Memorandum: Supreme Court erred in denying that part of the motion of defendant Bernier, Carr & Associates, P.C. (Bernier Carr) seeking summary judgment dismissing the negligence cause of action against it. Plaintiff purchased property in Watertown leased to defendant Wal-Mart Stores, Inc. (Wal-Mart) to house a Sam’s Club. Bernier Carr was the local architect and engineer retained by the builder to perform “site work.” In addition, Bernier Carr was retained by the bank financing the project to perform monthly inspections with respect to the disbursements of the construction loan. Bernier Carr signed a “Certificate of Substantial Completion” (certificate) at the request of the owner of the premises, defendant 81 & 3 of Watertown, Inc. (81 & 3), from whom plaintiff’s predecessor in interest purchased the property. The certificate was presented at the sale of the property from 81 & 3 to plaintiff’s predecessor in interest as part of the closing documents. Shortly after plaintiff’s purchase of the property, the tenant, Wal-Mart, complained to plaintiff regarding certain defects in the building that housed the Sam’s Club store. Plaintiff thereafter commenced this action alleging, inter alia, that Bernier Carr is liable for negligently misrepresenting that the building was “substantially completed in accordance with the Plans, upon which said Building Permit was issued.”

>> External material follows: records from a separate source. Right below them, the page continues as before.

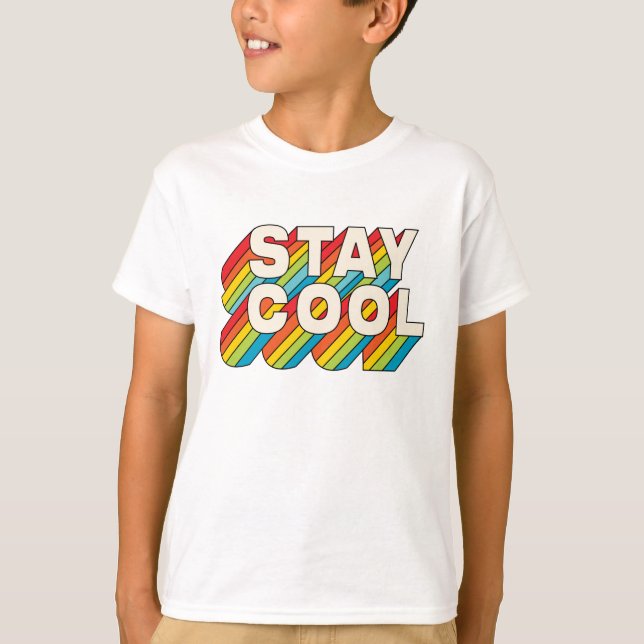 Stanna Coola T Shirt (Framsida)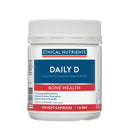 Ethical Nutrients Daily D 270 Caps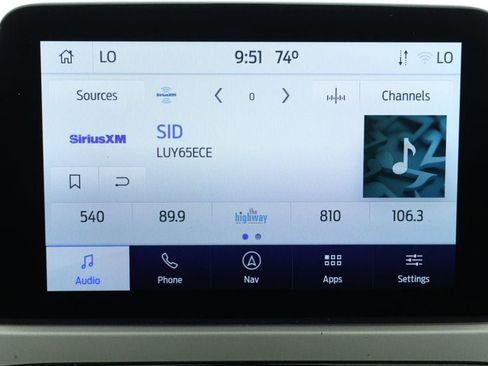 Used 2022 Ford Escape SEL w/ Technology Package image 15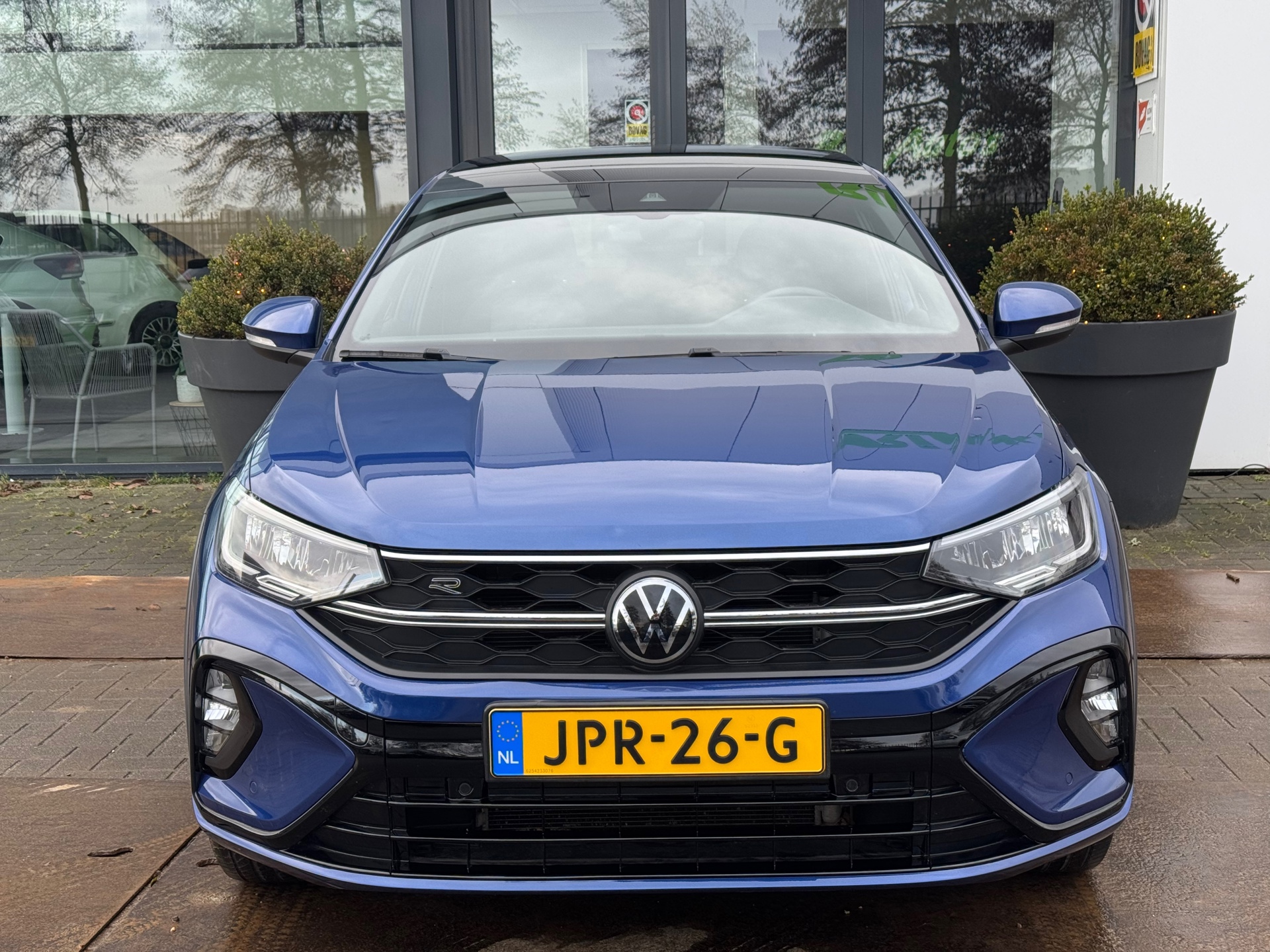 Foto van Volkswagen Taigo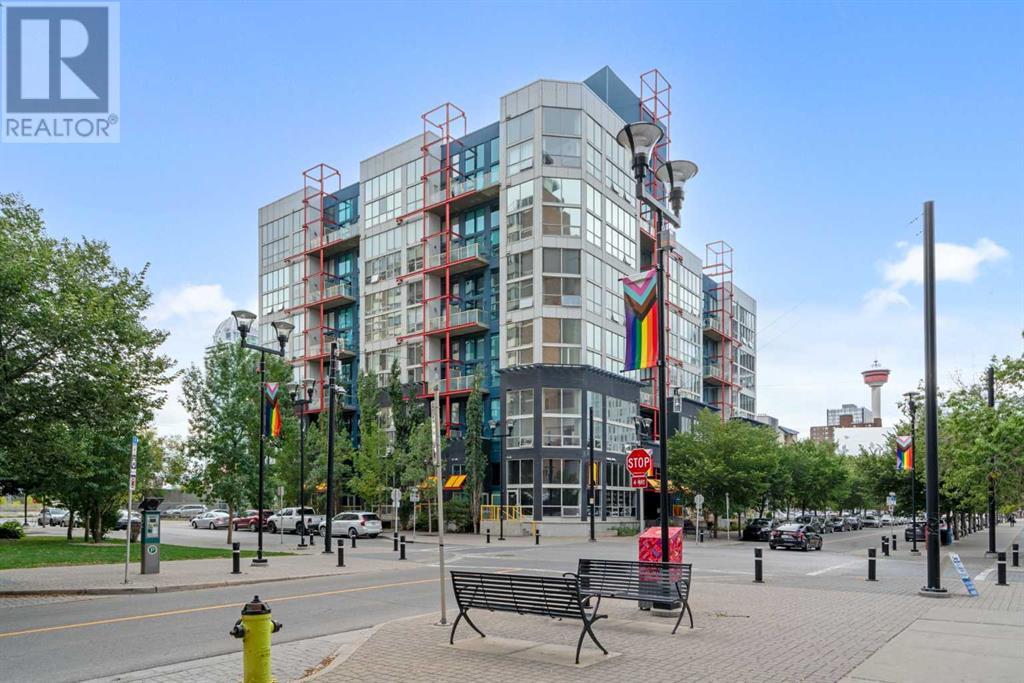 604, 535 8 Avenue SE, Calgary, Alberta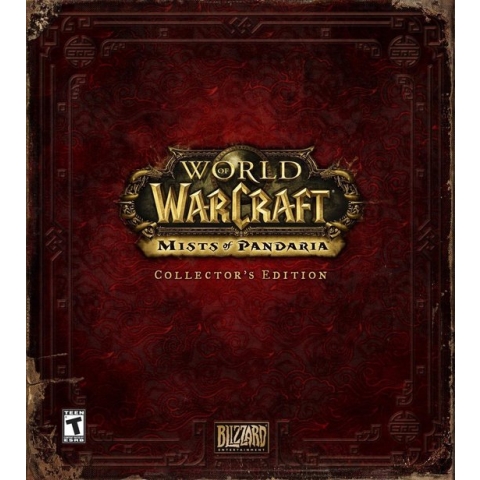 World of Warcraft: Mists of Pandaria Collector's Edition - Windows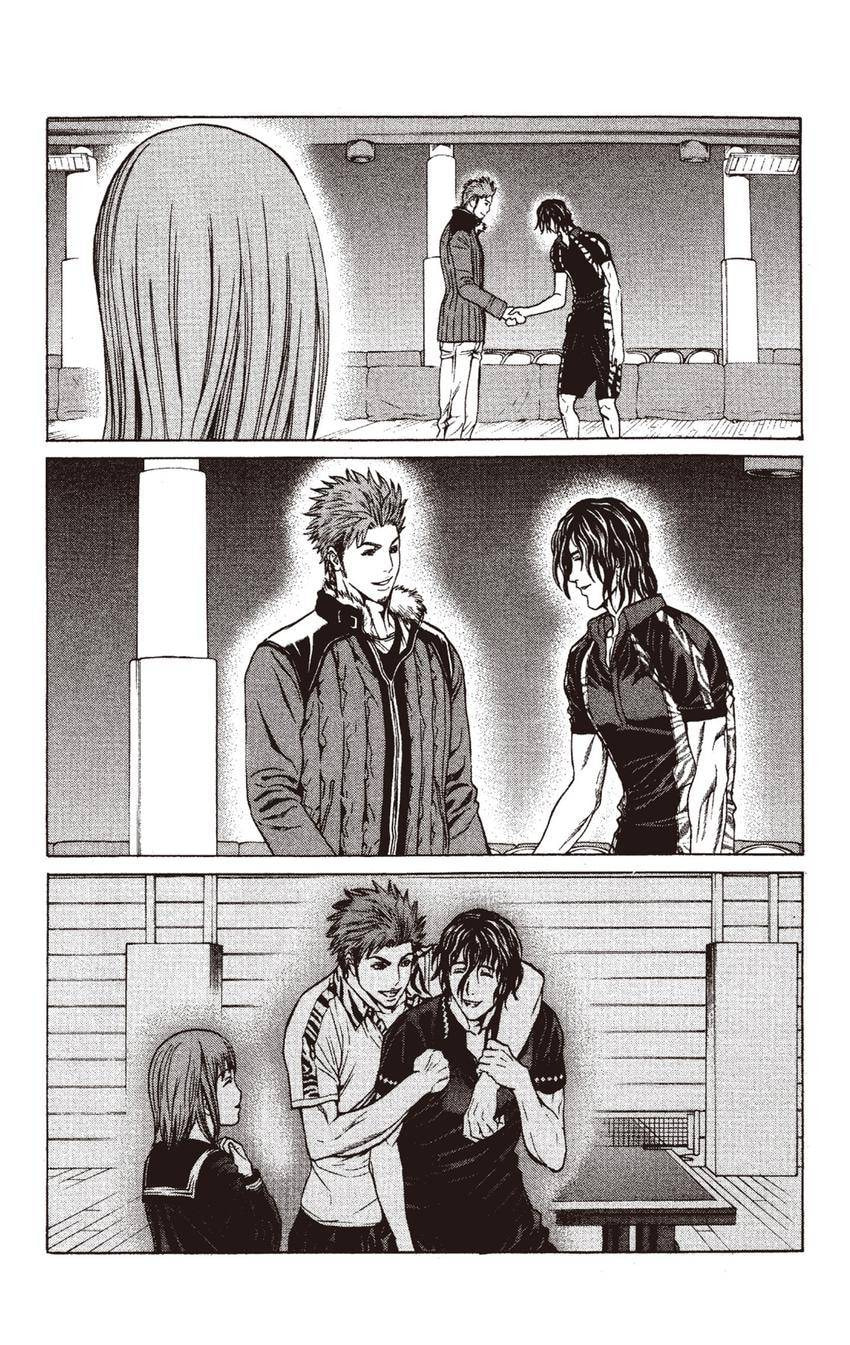 Read Ping Pong Dash! chapter 61 image 27 on Lezhin
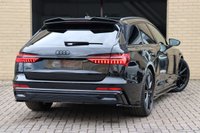 USED 2023 73 AUDI A6 AVANT 2.0 TFSI 40 BLACK EDITION HUD BODYKIT B&O 360 CAMERAS 20"s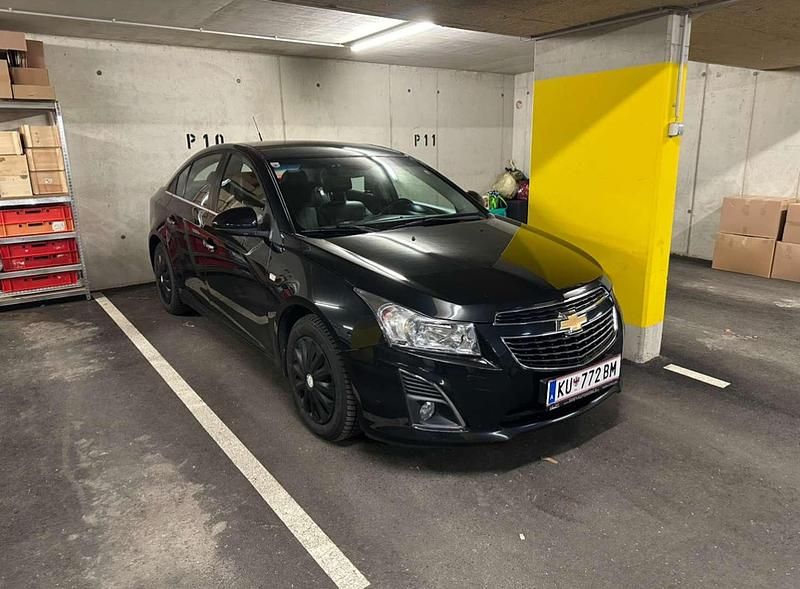 Gebraucht 2013 Chevrolet Cruze LTZ Limousine | € 5.200 - Bild 1/4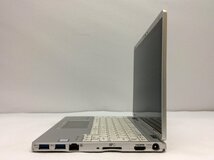 ジャンク/ Panasonic CF-RZ6RFRVS Intel Core i5-7Y57 メモリ8.19GB SSD256.06GB 【G20054】_画像3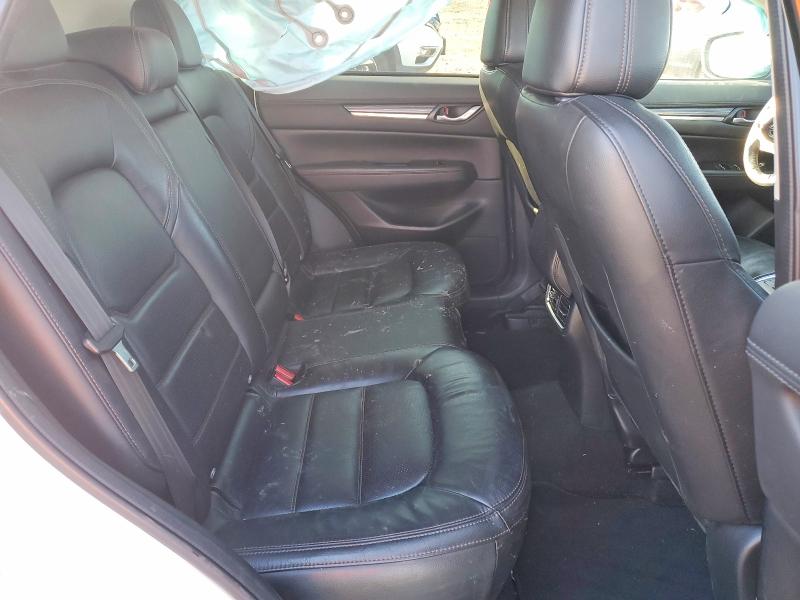 Aukcja sprzedaży 2018 Mazda Cx-5, vin: JM3KFADMXJ1464894, numer aukcji: 78343005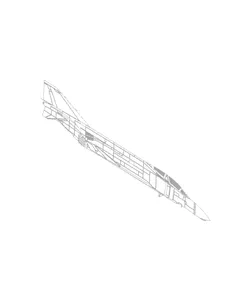F4 Phantom Wall Decoration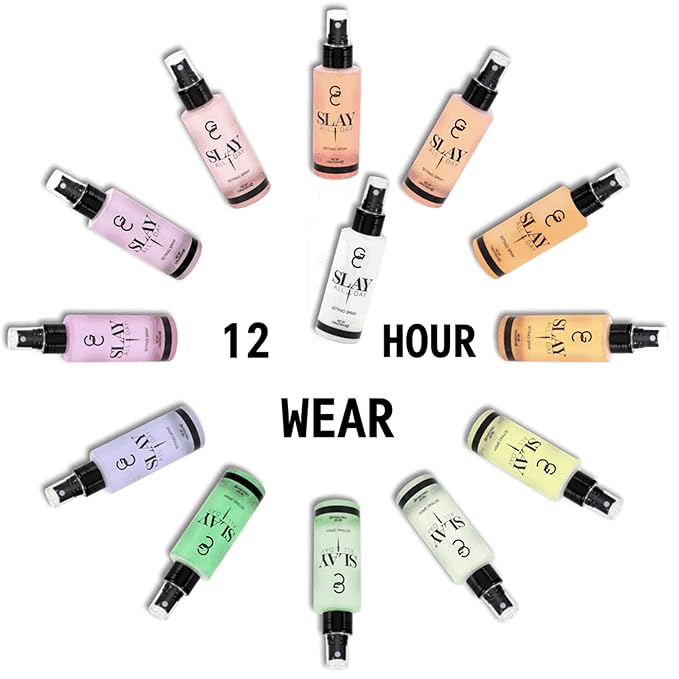 Slay All Day Setting Spray - Coconut by Gerard Cosmetic for Women - 3.38 oz Setting Spray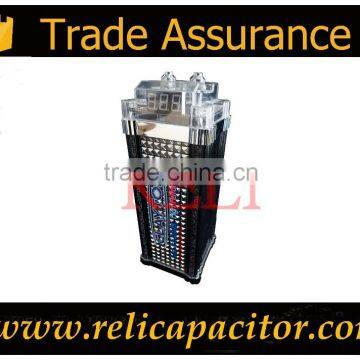 trade assurance 11RAC-12 0.1-10Farad ce car audio capacitor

*854The court erred in refusing to dismiss the negligence cause of action against Bernier Carr based on its determination that. there is an issue of fact whether the requisite functional equivalent of privity exists between plaintiff and Bernier Carr so as to permit recovery for pecuniary loss arising from negligent misrepresentation (cf. Kidd v Havens, 171 AD2d 336, 338-342). We conclude that Bernier Carr met its initial burden by establishing as a matter of law that the relationship between Bernier Carr and plaintiff was not the functional equivalent of privity, and plaintiff failed to raise an issue of fact (see generally Zuckerman v City of New York, 49 NY2d 557, 562). “In defining a defendant’s duty to plaintiff in circumstances in which the parties are not in privity, the focus is upon the nature of the transaction. * * * [I]n order for liability to attach, there must be: ‘(1) awareness that the [certificate was] to be used for a particular purpose or purposes; (2) reliance by a known party or parties in furtherance of that purpose; and (3) some conduct by the defendant [ ] linking [it] to [plaintiff] and evincing defendant’s * * * understanding of [plaintiff’s] reliance.’ * * * [F]or defendant[ ] to be liable, reliance by plaintiff upon the representation must be ‘the end and aim of the transaction,’ rather than an ‘indirect or collateral’ consequence of it” (Kidd, 171 AD2d at 339; see State of California Pub. Employees’ Retirement Sys. v Shearman & Sterling, 95 NY2d 427, 434; Prudential Ins. Co. of Am. v Dewey, Ballantine, Bushby, Palmer & Wood, 80 NY2d 377, 382, rearg denied 81 NY2d 955; Ossining Union Free School Dist. v Anderson LaRocca Anderson, 73 NY2d 417, 424). Bernier Carr established that the certificate was prepared for 81 & 3 in order to obtain authorization from Jefferson County to occupy the building and that Bernier Carr was not aware that the certificate would be used for the benefit of a subsequent purchaser (cf. Kidd, 171 AD2d at 341-342). Contrary to the contention of defendant Edgewater Construction Company, Inc., the fact that it may have been foreseeable that a purchaser would rely upon the certificate is not dispositive of this issue (see Anderson LaRocca Anderson, 73 NY2d at 424-425).
We have considered the remaining contentions of the parties and conclude that they are without merit. Present—Green, J.P., Wisner, Hurlbutt, Scudder and Lawton, JJ.